SchedExt is the operator's only CRD. It tells sked: "run this scheduler image as a privileged DaemonSet in this namespace."

Groupsked.schedkit.io
Versionv1
KindSchedExt
Pluralschedexts
Singularschedext
ScopeNamespaced
Subresourcesstatus (declared, but currently never written to)

The CRD has no short names, no printer columns, and no additional kubectl output customisation. kubectl get schedexts lists by name, age, and the standard metadata.

Example

apiVersion: sked.schedkit.io/v1
kind: SchedExt
metadata:
name: scx-rusty
namespace: default
spec:
sched: ghcr.io/schedkit/scheds/scx_rusty:latest

Applying this causes the controller to create a DaemonSet named scx-rusty in the default namespace. Every node that the DaemonSet's pod-scheduling rules let it run on will end up with a privileged pod running the scx_rusty scheduler.

Spec fields

FieldTypeRequiredDescription
spec.schedstringyesFully-qualified OCI image reference for the scheduler. Used verbatim as the container image.

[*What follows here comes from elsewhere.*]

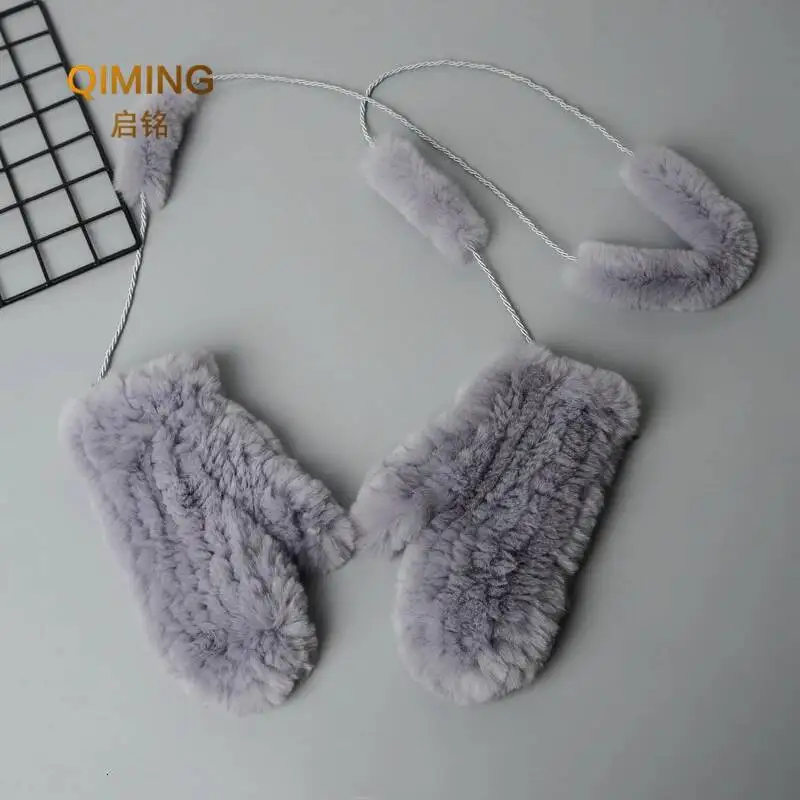 Women Real Fur Gloves Handmade Knitted 100% Natural Rex Rabbit Fur Mittens Girls Winter Warm Soft Genuine Fur Glove Plush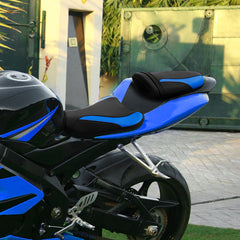 C.C. RIDER GSX-R1000 Front And Rear Seat Fit For SUZUKI GSXR1000  Black Blue pattern, 2005, 2006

That's the entire spec. There is no imagePullPolicy, no nodeSelector, no tolerations, no priority. If you need to constrain which nodes the scheduler runs on, do it at the cluster level (taint the nodes you don't want, or expect a future version of the CRD to expose these fields).

There is also no validation on spec.sched — the field accepts any string. If the value isn't a valid image reference, the kubelet will fail to pull at pod creation time, and you'll see the error on the DaemonSet's pods rather than at admission.

Status fields

status is declared on the type, the CRD has the status subresource enabled, and the operator never writes to it. Every SchedExt you create will report an empty status: {} block. Conditions, phase, and matched/running node counts are not reported today.

This is one of the rougher edges of the current operator and is on the to-do list.

What gets created

When you apply a SchedExt, the controller creates (or patches, on update) one resource:

A DaemonSet with:

  • the same name and namespace as the SchedExt;
  • an owner reference to the SchedExt (so deleting the SchedExt cascades to deleting the DaemonSet and its pods);
  • a label managed-by: sked-controller on the DaemonSet itself;
  • a pod selector matchLabels: {name: <schedext-name>};
  • pod template labels name: <schedext-name> and managed-by: sked-controller;
  • one container, named scx, with image: <spec.sched> and securityContext.privileged: true.

The DaemonSet has no env vars, no volumes, no init containers, no resource requests, and no node selector or tolerations on the pod template. Pod scheduling is whatever the cluster's defaults are.

Multiple SchedExt resources

The CRD doesn't currently coordinate between resources. If you create two SchedExt resources and the resulting DaemonSet pods both end up on the same node, both will try to attach a sched_ext scheduler — and the kernel only attaches one at a time. The losing pod will fail to attach and presumably crashloop.

Until the operator gains real node-selection logic, the right way to use it is "one SchedExt per intended node set, with cluster-level rules (taints, labels) keeping their pods apart." If you only have one cluster-wide scheduler in mind, the simplest thing is also the working thing: one SchedExt, every node gets the same scheduler.